SORT(array, [sort_index], [sort_order], [by_col])

Arguments

array

Required

The range or array to sort.

sort_index

Optional

The row or column number within the array to sort by.

sort_order

Optional

Use 1 for ascending order or -1 for descending order.

by_col

Optional

Use TRUE to sort by columns instead of rows.

What it returns

Returns a sorted dynamic array.

What SORT does

SORT rearranges a range or array into ascending or descending order without changing the source data. It is especially useful in dynamic reports where the sorted output should update automatically as the data changes.

Practical examples

Sort a table by the third column

=SORT(A2:C10,3,1)

This sorts the rows in A2:C10 by the values in the third column in ascending order.
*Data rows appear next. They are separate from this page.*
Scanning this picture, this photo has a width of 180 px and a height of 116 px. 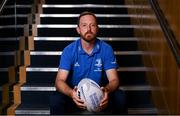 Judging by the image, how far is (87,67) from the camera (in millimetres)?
3695

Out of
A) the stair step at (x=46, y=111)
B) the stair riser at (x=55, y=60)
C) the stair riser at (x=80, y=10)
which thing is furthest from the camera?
the stair riser at (x=80, y=10)

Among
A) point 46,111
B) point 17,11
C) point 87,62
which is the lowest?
point 46,111

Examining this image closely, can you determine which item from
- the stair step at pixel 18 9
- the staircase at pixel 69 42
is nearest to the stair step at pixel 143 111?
the staircase at pixel 69 42

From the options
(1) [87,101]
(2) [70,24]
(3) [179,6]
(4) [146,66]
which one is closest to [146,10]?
(4) [146,66]

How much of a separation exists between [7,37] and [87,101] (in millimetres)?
1917

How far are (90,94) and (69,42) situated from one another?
2.28 m

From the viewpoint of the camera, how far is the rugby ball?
3.11 metres

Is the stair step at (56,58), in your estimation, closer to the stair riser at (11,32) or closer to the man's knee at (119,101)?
the stair riser at (11,32)

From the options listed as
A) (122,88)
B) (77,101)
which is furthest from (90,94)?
(122,88)

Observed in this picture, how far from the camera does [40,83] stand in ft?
15.5

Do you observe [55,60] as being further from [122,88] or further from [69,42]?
[122,88]

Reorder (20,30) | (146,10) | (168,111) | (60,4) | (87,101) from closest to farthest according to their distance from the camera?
(87,101), (168,111), (146,10), (20,30), (60,4)

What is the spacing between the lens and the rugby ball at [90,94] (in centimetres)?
311

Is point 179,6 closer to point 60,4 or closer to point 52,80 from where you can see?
point 52,80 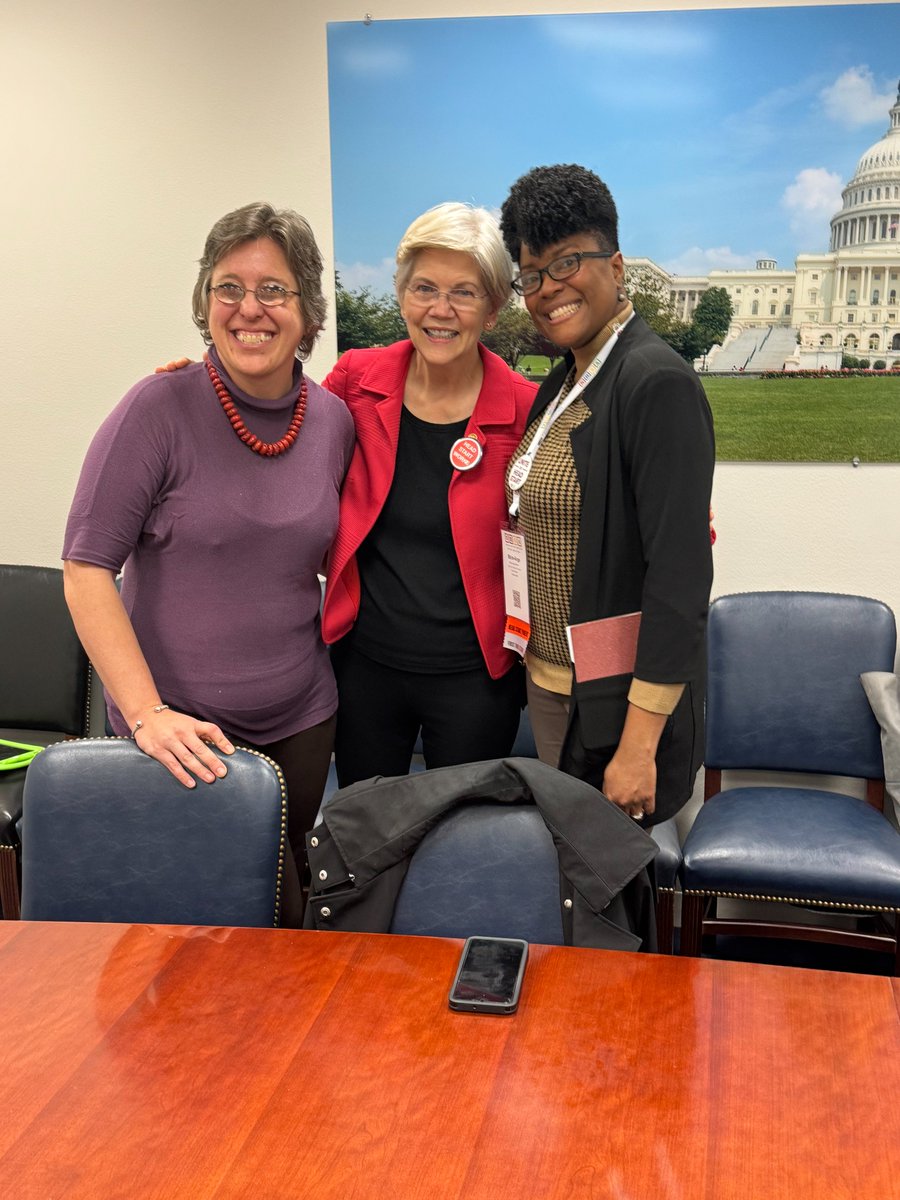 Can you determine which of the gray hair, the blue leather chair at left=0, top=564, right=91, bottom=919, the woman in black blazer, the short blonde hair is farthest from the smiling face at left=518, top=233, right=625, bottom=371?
the blue leather chair at left=0, top=564, right=91, bottom=919

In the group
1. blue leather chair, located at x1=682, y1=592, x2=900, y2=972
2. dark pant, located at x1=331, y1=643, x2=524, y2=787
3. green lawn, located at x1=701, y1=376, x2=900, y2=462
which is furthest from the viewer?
green lawn, located at x1=701, y1=376, x2=900, y2=462

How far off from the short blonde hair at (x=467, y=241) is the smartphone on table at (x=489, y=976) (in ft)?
→ 3.93

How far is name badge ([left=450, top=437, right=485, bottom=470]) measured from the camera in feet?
6.47

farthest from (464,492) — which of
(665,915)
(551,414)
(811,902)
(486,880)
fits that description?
(811,902)

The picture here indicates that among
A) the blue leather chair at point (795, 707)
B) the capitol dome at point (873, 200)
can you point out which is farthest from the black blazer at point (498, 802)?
the capitol dome at point (873, 200)

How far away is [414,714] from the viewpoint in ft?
6.96

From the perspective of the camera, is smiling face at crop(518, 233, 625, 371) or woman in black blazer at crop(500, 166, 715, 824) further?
smiling face at crop(518, 233, 625, 371)

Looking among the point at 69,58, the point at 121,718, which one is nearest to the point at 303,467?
the point at 121,718

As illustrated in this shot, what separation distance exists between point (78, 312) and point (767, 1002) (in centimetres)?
287

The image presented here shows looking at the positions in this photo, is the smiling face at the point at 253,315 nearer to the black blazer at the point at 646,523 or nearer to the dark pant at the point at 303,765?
the black blazer at the point at 646,523

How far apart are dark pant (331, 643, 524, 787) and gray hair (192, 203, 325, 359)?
0.66 meters

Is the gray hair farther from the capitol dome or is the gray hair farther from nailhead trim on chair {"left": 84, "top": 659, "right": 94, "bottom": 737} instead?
the capitol dome

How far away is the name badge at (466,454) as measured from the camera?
1972mm

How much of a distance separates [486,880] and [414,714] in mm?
651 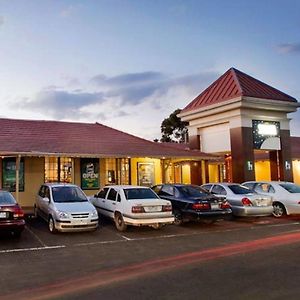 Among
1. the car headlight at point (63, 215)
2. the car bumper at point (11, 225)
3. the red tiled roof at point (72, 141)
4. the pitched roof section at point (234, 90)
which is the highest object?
the pitched roof section at point (234, 90)

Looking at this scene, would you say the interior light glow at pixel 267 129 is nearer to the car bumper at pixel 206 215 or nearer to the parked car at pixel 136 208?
the car bumper at pixel 206 215

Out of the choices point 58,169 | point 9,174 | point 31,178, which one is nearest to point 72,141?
point 58,169

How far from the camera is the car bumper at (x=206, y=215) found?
13750 mm

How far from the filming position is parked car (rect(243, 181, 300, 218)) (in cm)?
1627

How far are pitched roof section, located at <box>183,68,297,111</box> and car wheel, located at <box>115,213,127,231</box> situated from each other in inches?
476

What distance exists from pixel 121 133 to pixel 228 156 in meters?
7.13

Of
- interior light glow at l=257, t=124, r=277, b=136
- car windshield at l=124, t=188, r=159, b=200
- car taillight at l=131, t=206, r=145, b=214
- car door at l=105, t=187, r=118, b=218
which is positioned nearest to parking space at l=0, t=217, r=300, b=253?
car door at l=105, t=187, r=118, b=218

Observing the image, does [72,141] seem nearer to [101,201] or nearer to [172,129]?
[101,201]

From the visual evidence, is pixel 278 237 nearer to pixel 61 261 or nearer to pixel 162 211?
pixel 162 211

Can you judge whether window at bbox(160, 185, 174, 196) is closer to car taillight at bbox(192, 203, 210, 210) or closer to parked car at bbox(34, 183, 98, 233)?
car taillight at bbox(192, 203, 210, 210)

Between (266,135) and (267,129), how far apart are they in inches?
14.6

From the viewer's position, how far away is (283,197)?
16.6m

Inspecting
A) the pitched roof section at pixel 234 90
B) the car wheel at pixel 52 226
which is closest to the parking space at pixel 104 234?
the car wheel at pixel 52 226

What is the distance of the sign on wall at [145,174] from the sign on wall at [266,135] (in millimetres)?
6223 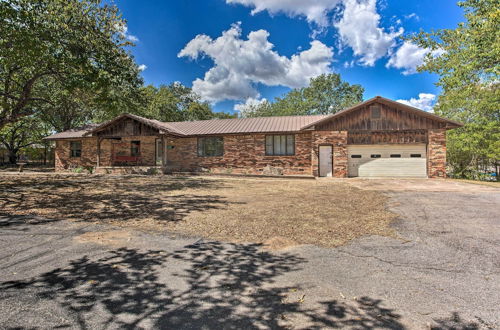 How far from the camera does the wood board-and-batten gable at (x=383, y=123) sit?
15634mm

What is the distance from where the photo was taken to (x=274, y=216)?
644 centimetres

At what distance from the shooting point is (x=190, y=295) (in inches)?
112

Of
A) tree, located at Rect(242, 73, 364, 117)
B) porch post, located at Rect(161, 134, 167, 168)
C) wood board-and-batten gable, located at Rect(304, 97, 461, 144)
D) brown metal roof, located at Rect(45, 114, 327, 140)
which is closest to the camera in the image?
wood board-and-batten gable, located at Rect(304, 97, 461, 144)

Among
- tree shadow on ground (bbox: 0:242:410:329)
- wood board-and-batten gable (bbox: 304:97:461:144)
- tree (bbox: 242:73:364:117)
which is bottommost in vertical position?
tree shadow on ground (bbox: 0:242:410:329)

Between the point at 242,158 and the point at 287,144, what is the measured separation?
3.66 metres

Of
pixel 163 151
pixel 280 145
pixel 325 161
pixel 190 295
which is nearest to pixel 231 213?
pixel 190 295

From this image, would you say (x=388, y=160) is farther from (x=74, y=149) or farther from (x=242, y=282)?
(x=74, y=149)

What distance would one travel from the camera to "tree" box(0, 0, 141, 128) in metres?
8.98

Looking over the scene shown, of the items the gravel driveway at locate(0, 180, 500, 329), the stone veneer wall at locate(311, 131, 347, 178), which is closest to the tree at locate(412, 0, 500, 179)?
the stone veneer wall at locate(311, 131, 347, 178)

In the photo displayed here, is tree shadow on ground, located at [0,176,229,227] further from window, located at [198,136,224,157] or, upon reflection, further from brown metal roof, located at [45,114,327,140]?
window, located at [198,136,224,157]

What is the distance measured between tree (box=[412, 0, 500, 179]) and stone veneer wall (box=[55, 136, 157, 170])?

Sort a list in descending order

=SORT(A2:A20,1,-1)

This returns the values from A2:A20 from highest to lowest or from Z to A, depending on the data type.

Common mistakes and notes

sort_index is relative to the selected array

If you sort A2:C10, then 3 means the third column within that selection, not column C on the whole worksheet.

SORT also spills results

Like other dynamic array functions, SORT needs empty cells for the full result. Otherwise Excel may return #SPILL!.

Use SORTBY when the sort key is outside the array

SORT works best when the sort column is inside the selected array. If the sort key lives elsewhere, SORTBY is usually the better choice.